Hope for Second Mortgage Holders
The Treasury Department yesterday released its new improved “Making Home Affordable” (MHA) program that will now offer assistance for second mortgages, such as home equity loans, in addition to assistance with first mortgages. The administration announced the MHA in February and released the details in early March. Tuesday’s announcement addressed the expansion of MHA as well as more support for the Hope for Homeowners program. Treasury estimates that 50 percent of “at risk” mortgages also have second liens. Under the new program, both first and second mortgages would be modified “in tandem.” Interest rates on second loans would be reduced to one percent, unless they are interest-only loans, in which cases the rate would be two percent. The term of the modified second loan would be extended to match the term of the modified first mortgage. After five years, the interest rate on the second would be adjusted to the same rate as the modified first mortgage, and the second mortgage would be re-amortized over the remaining term at the higher rate. The MHA also includes “pay for success” incentives for servicers and borrowers similar to those announced for first mortgage relief.

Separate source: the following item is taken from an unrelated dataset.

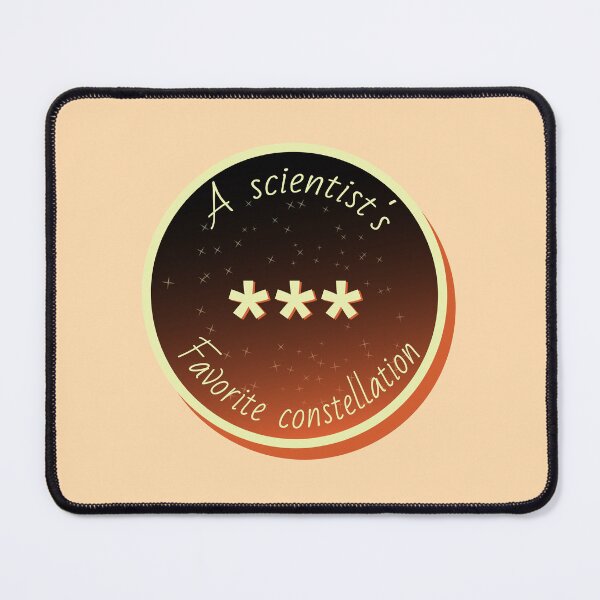 Item preview, A Scientists Favorite Constellation (Orange) designed and sold by MicroMarket.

The MHA will pull the Federal Housing Administration’s (FHA) Hope for Homeowners program under its umbrella so that servicers will be required to evaluate borrowers’ eligibility for the advantages of both programs. Twelve servicers have signed contracts to make modifications under the MHA. Under Hope for Homeowners, mortgage holders “accept a payoff below the current market value of the home, allowing the borrower to refinance into a new FHA-guaranteed loan.” Only 51 Hope for Homeowners programs have closed since October 2008.
The Treasury also addressed the administration’s support for legislation that would allow the FHA to reduce borrower’s fees; increase lender flexibility to refinance troubled loans; and permit borrowers with higher debt burdens to qualify for relief. The legislation, sponsored by Senate Banking Committee Chairman Chris Dodd (D-CT), has raised concerns with bondholders because of the “servicer safe harbor for mortgage loan modifications” section. Under this provision, servicers would be protected from legal liability should pooling and servicing contracts be violated during the course of making certain loan modifications. The House passed the provision last month along with cram-down language, and the Senate is due to take up the bill later this week. We are hearing that although the Senate bill does not include the cramdown language, neither Sen. Dodd nor Sen. Dick Durbin (D-IL) is likely to offer it as an amendment.